- _INSTRUCTIONS TO FOLLOW_
Below are the records; extract from them the line containing "Foto de PEDAL" to the line containing "Villa en Moraira", both lines included, exactly and with no pictures.

- _DATA IN THIS EXERCISE_
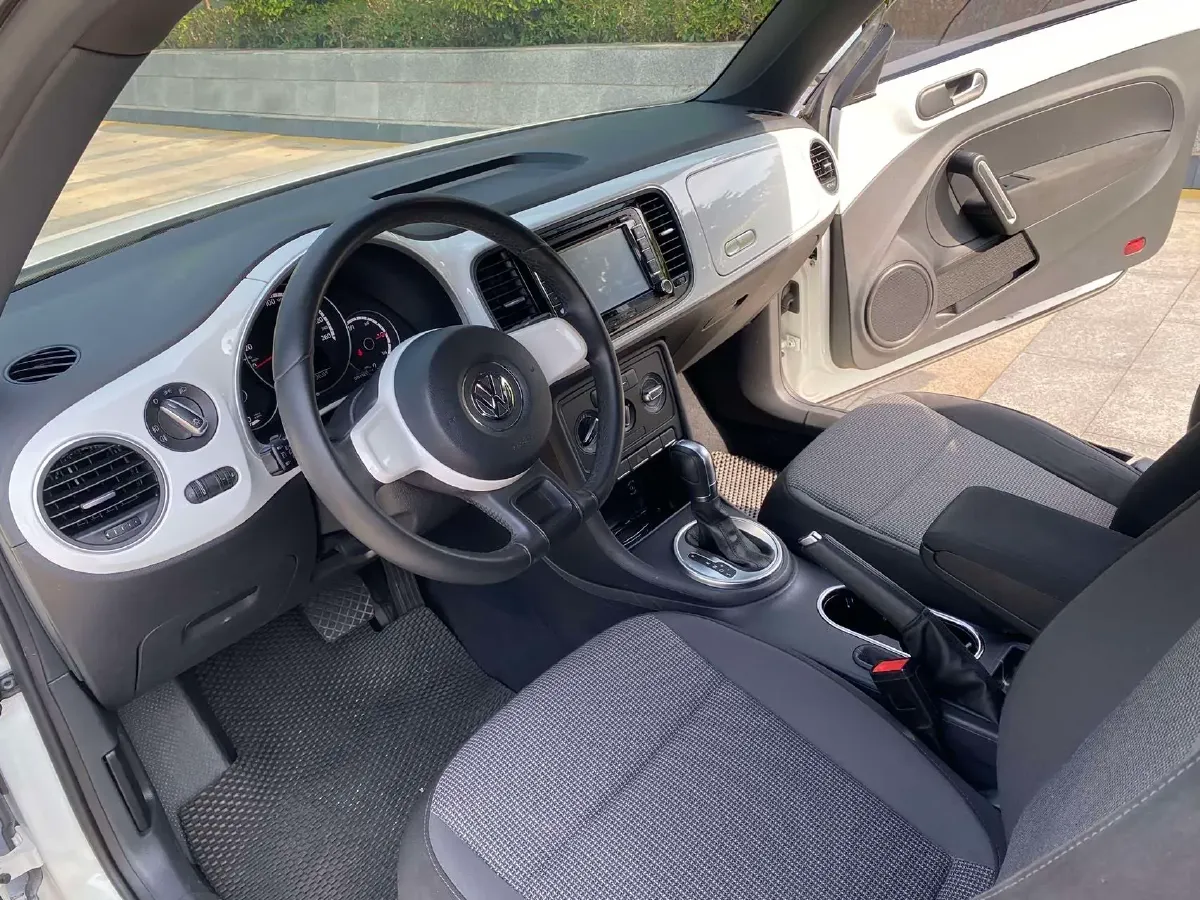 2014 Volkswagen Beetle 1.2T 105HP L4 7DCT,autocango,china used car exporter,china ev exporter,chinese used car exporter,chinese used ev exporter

...

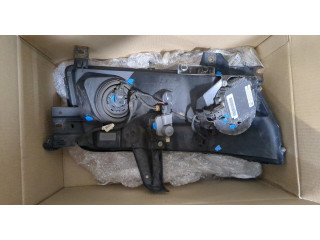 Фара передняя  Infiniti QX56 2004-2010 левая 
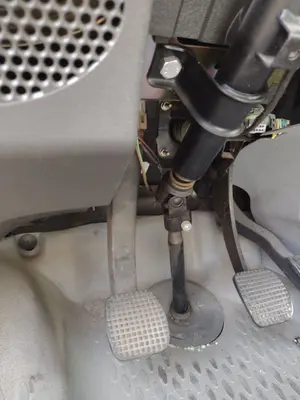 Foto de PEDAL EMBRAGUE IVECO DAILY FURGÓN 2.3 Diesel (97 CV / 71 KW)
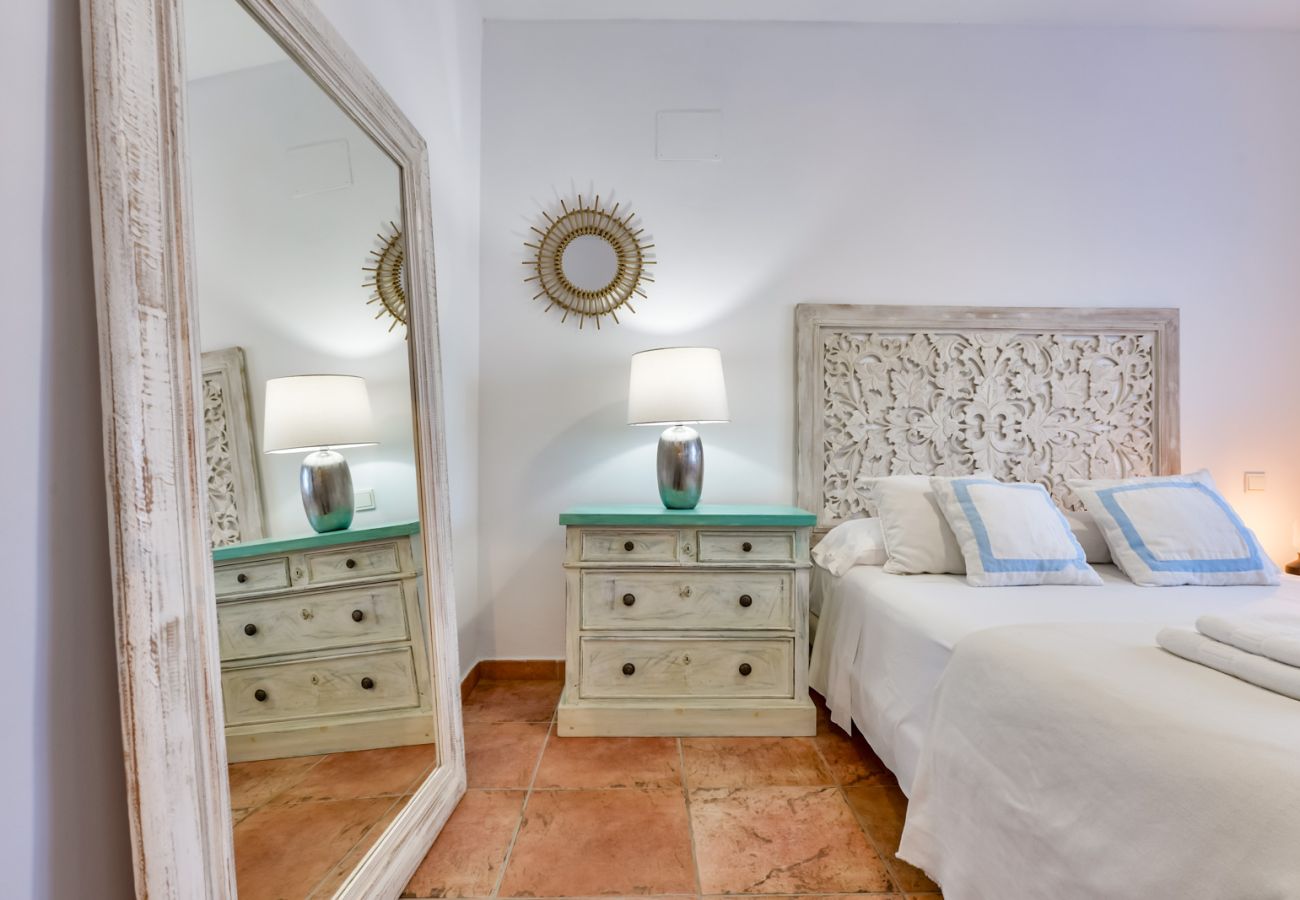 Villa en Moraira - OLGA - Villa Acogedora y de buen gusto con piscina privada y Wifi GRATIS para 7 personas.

- _WORKED SOLUTION_
 Foto de PEDAL EMBRAGUE IVECO DAILY FURGÓN 2.3 Diesel (97 CV / 71 KW)
 Villa en Moraira - OLGA - Villa Acogedora y de buen gusto con piscina privada y Wifi GRATIS para 7 personas.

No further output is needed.